What this task involves
Only one span is wanted from the lines below: from the one with "Vintage 90s Clear" up to and including the one with "Carlsbad Beach Surf". Copy it exactly, without images.

Input data
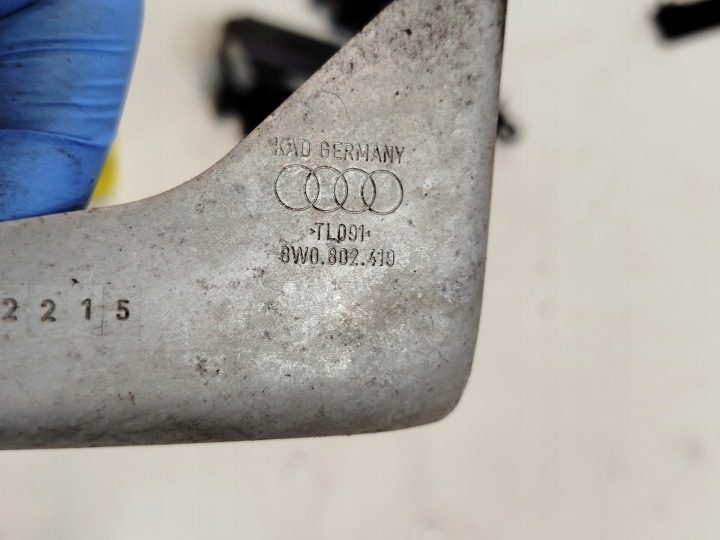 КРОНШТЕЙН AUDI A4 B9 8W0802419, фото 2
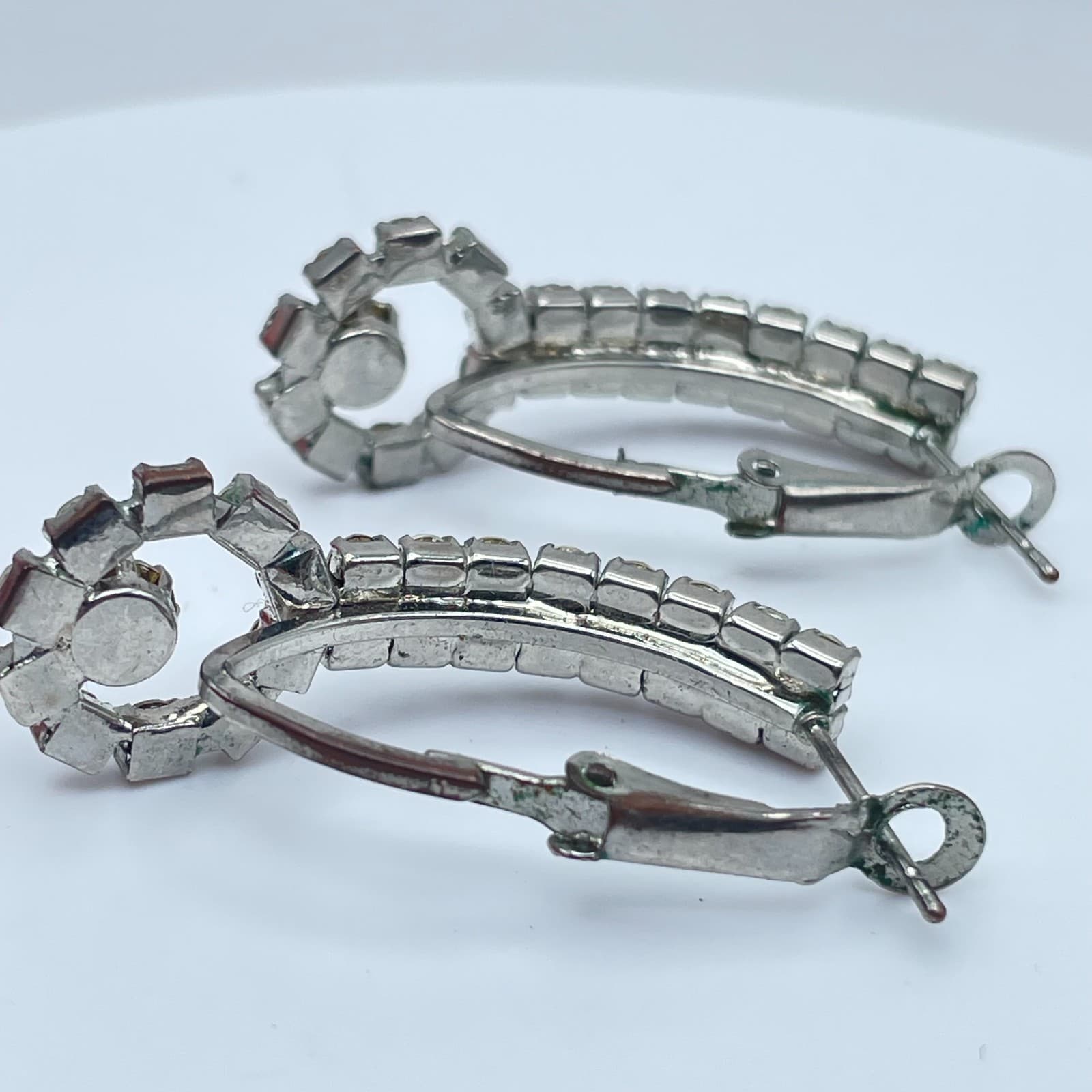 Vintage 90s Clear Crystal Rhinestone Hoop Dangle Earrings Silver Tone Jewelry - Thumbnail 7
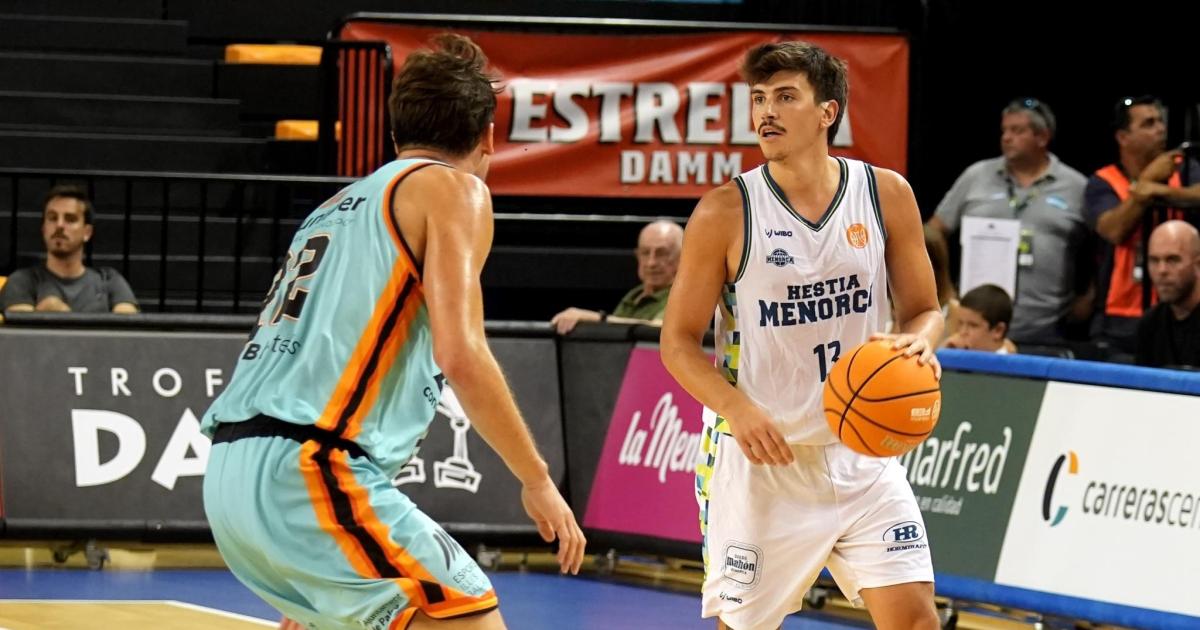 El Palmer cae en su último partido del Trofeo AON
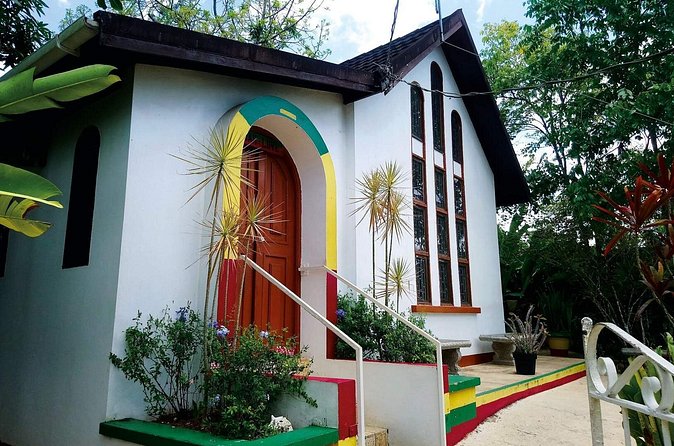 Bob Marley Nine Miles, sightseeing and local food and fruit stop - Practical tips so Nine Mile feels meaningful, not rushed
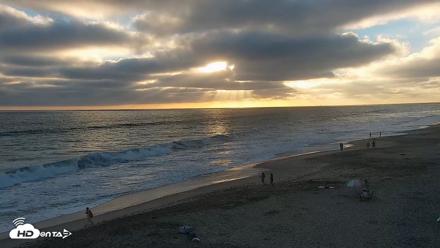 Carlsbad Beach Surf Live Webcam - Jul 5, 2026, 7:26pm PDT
...
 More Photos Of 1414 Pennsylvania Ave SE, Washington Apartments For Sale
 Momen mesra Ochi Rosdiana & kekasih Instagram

Task answer
 Vintage 90s Clear Crystal Rhinestone Hoop Dangle Earrings Silver Tone Jewelry - Thumbnail 7
 El Palmer cae en su último partido del Trofeo AON
 Bob Marley Nine Miles, sightseeing and local food and fruit stop - Practical tips so Nine Mile feels meaningful, not rushed
 Carlsbad Beach Surf Live Webcam - Jul 5, 2026, 7:26pm PDT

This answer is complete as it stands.